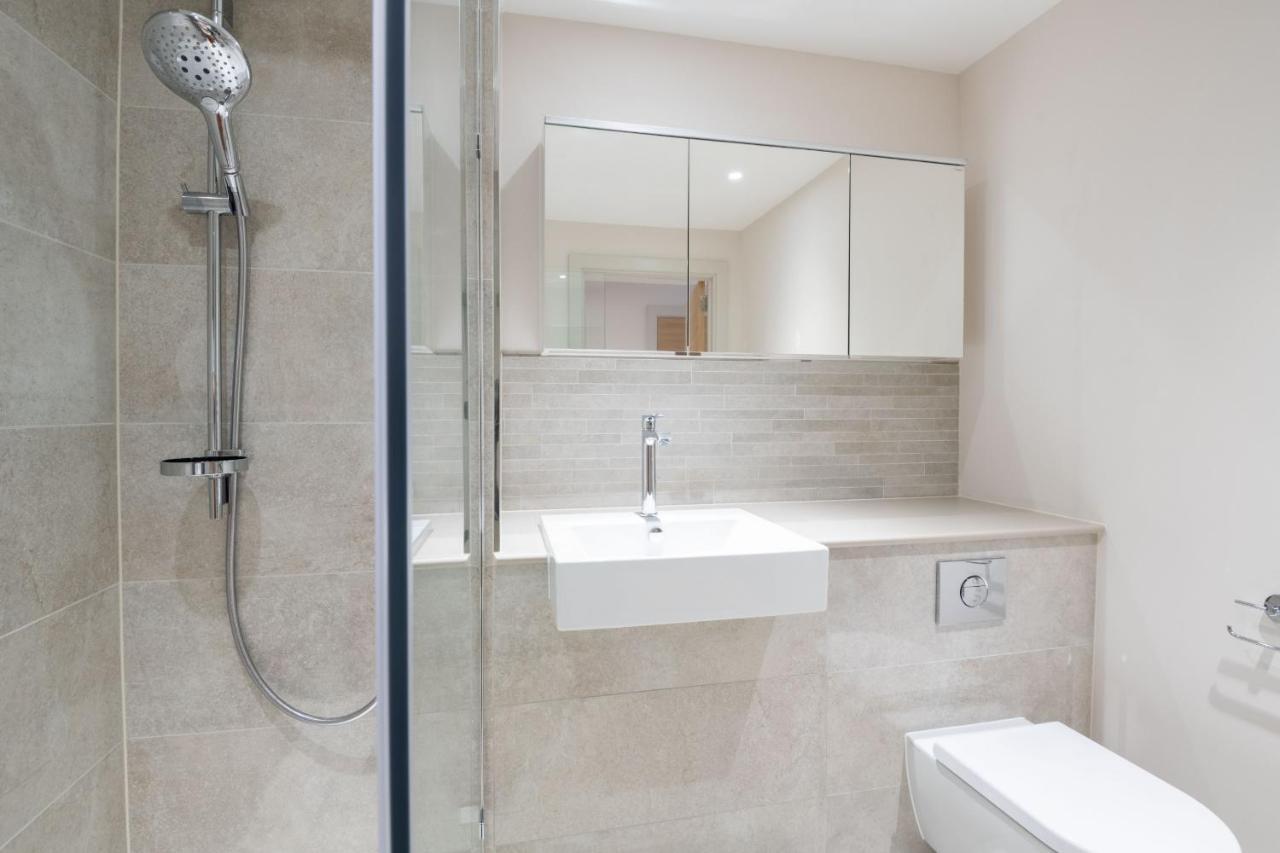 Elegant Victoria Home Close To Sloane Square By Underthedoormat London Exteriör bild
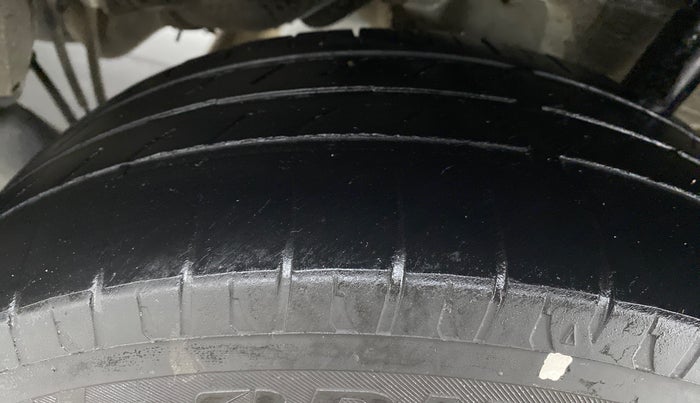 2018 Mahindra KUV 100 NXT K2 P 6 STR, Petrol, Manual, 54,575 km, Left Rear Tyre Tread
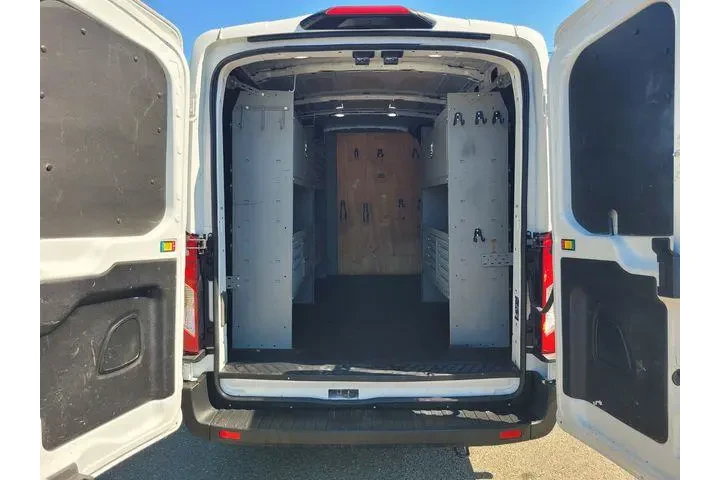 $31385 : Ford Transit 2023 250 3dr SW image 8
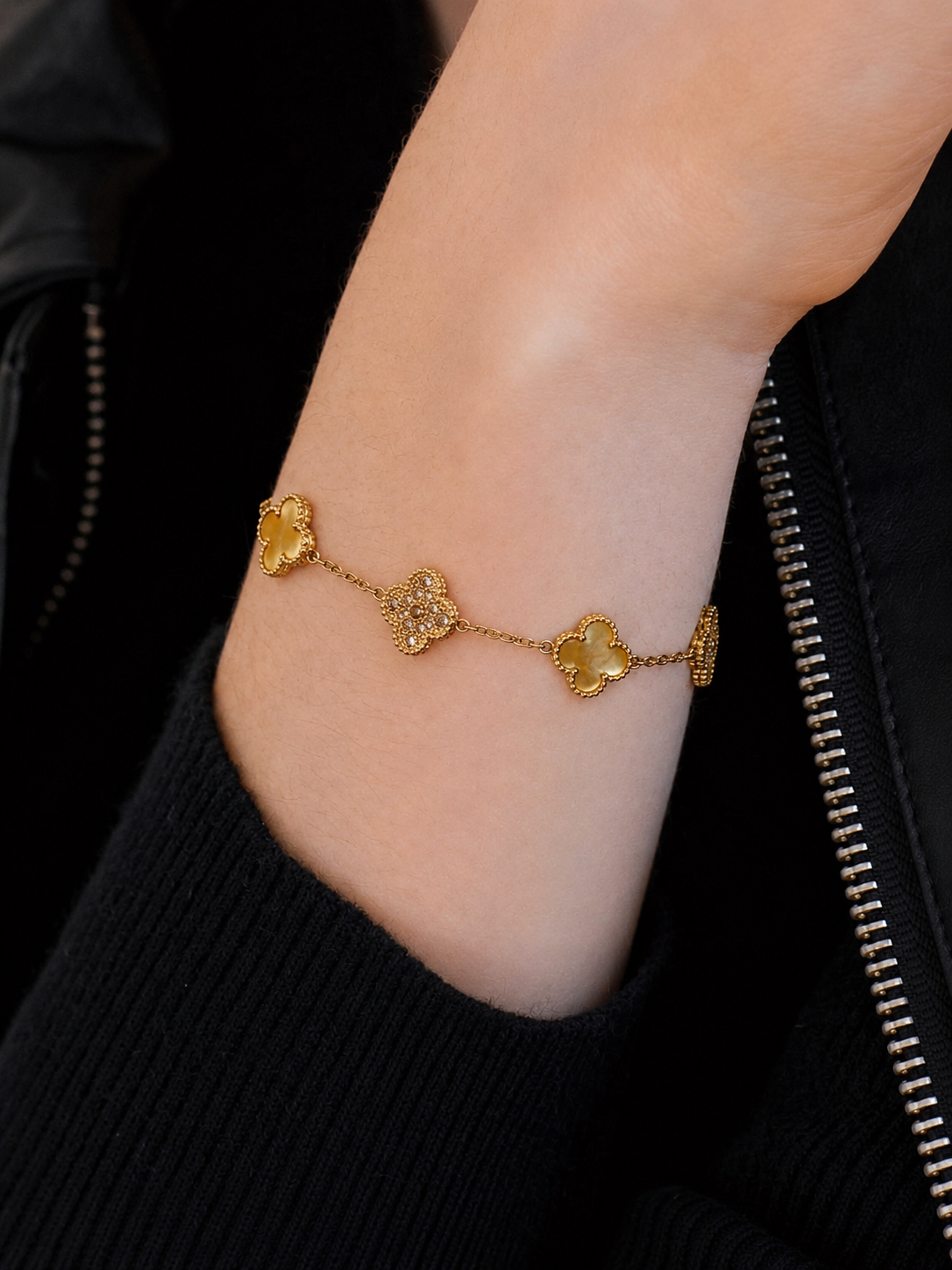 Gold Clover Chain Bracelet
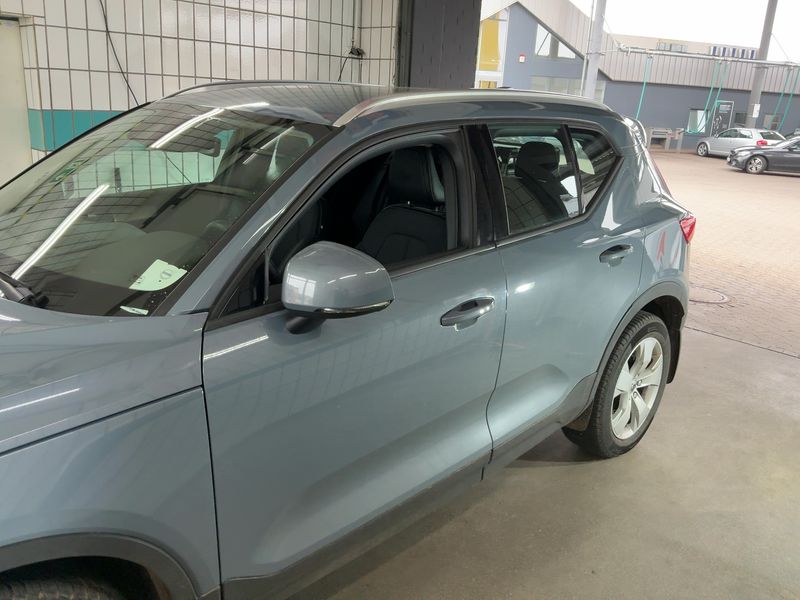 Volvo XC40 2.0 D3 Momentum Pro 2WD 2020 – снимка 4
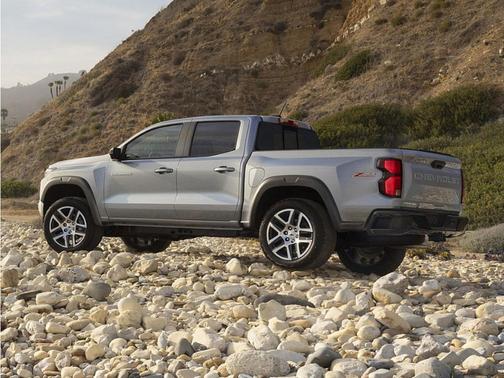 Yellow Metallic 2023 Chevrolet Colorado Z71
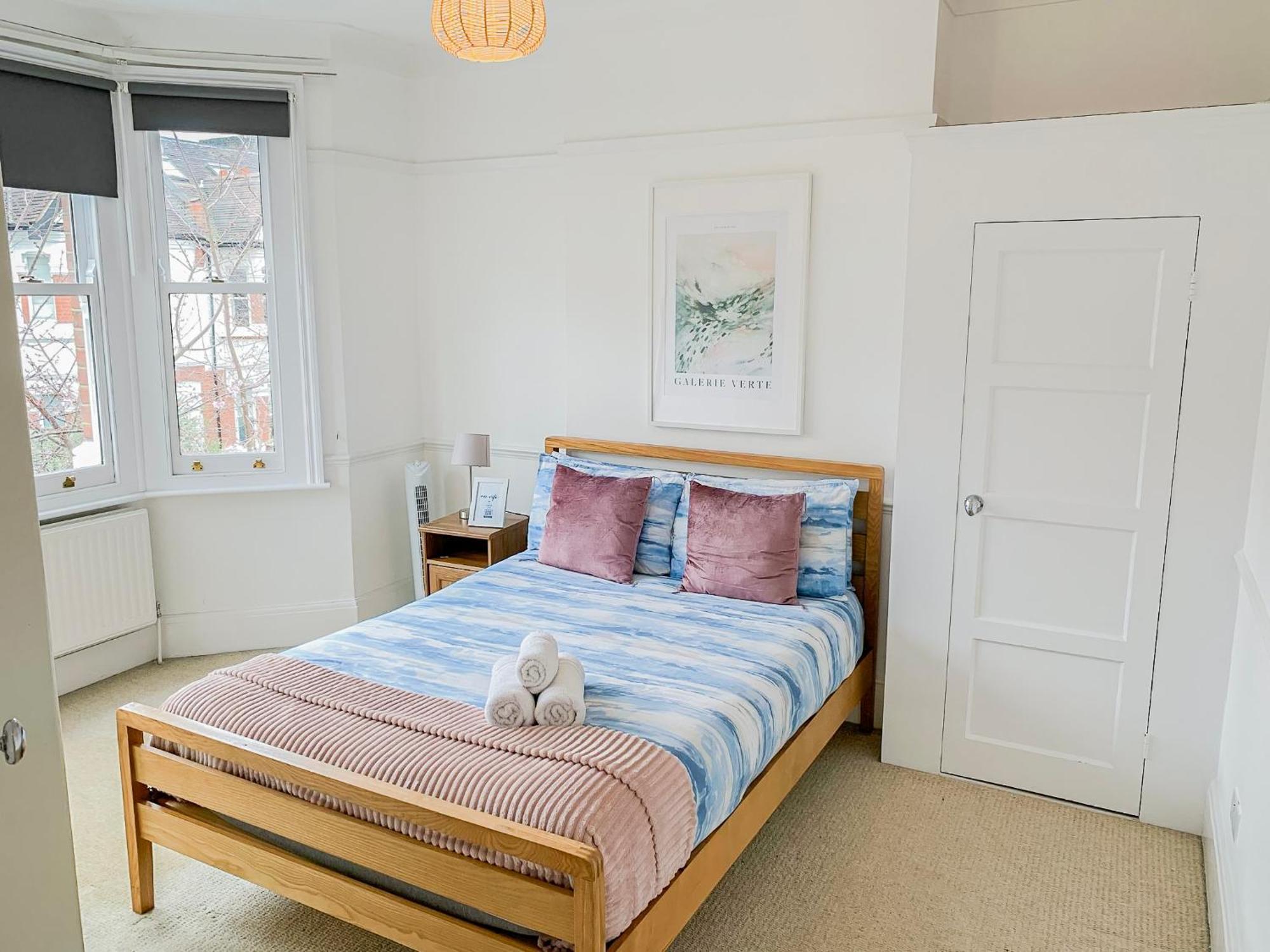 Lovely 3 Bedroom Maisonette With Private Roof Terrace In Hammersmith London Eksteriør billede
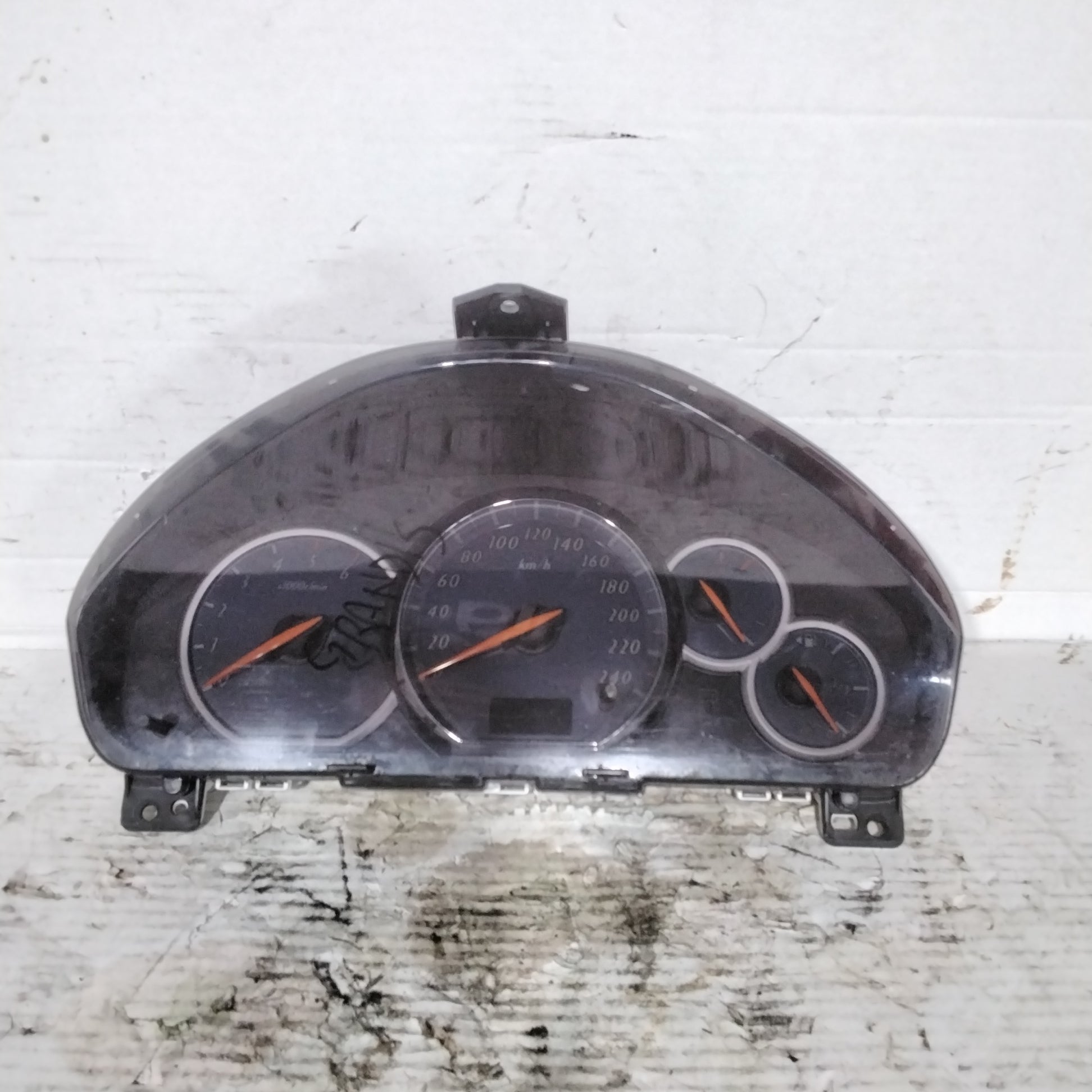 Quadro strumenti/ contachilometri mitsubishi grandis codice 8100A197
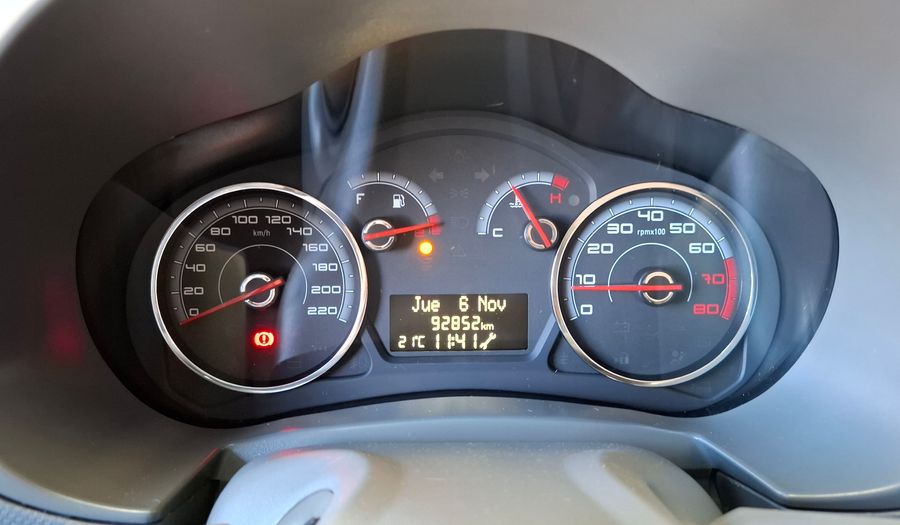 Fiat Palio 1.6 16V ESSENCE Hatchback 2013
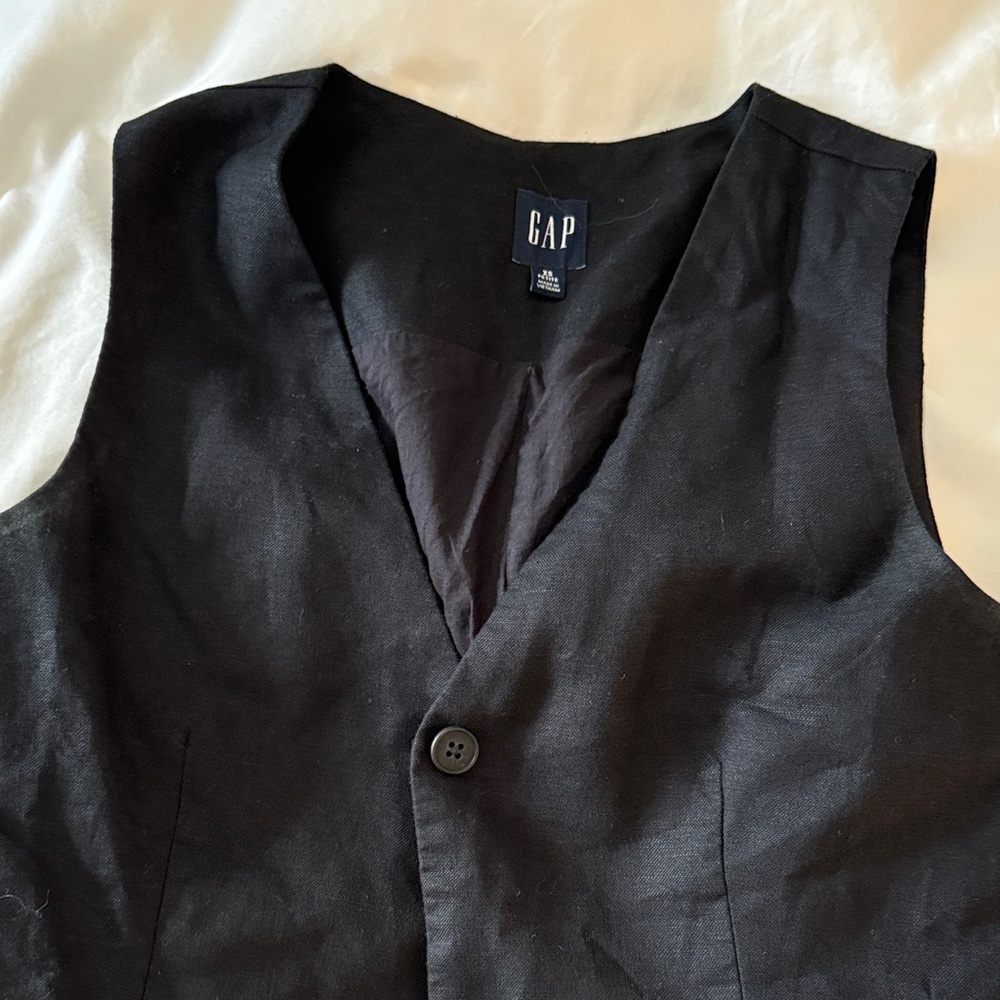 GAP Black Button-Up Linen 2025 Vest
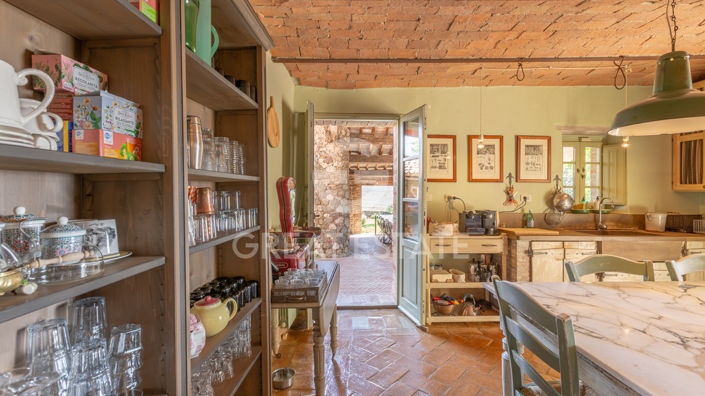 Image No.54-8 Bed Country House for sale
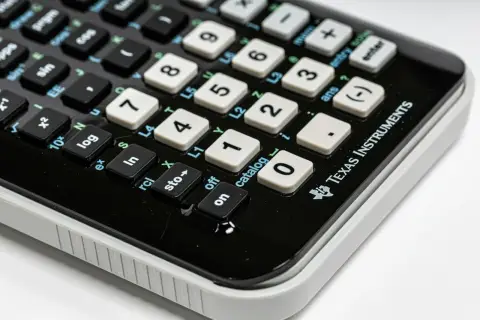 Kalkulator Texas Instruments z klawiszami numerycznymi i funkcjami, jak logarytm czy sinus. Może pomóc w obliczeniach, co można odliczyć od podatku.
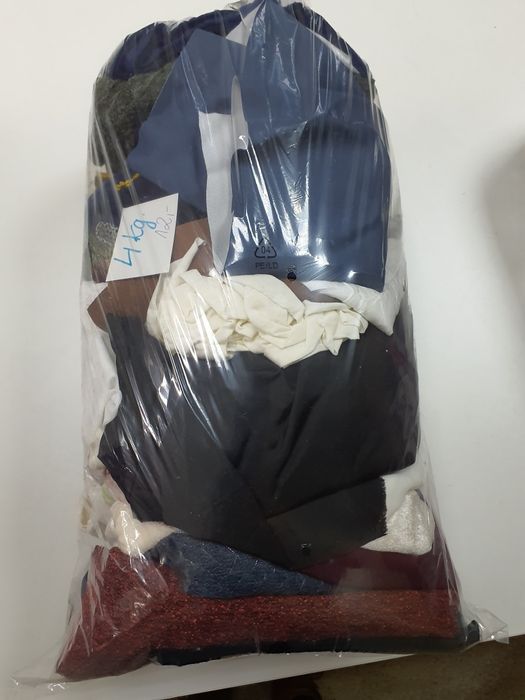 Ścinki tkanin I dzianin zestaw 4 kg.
——————————
__Exercise aim__.
The stretch above running from the line with "Volvo XC40 2.0" through the line with "Fiat Palio 1.6 16V ESSENCE Hatchback 2013" is all you should copy, exactly, leaving out the pictures.

__Task answer__.
 Volvo XC40 2.0 D3 Momentum Pro 2WD 2020 – снимка 4
 Yellow Metallic 2023 Chevrolet Colorado Z71
 Lovely 3 Bedroom Maisonette With Private Roof Terrace In Hammersmith London Eksteriør billede
 Quadro strumenti/ contachilometri mitsubishi grandis codice 8100A197
 Fiat Palio 1.6 16V ESSENCE Hatchback 2013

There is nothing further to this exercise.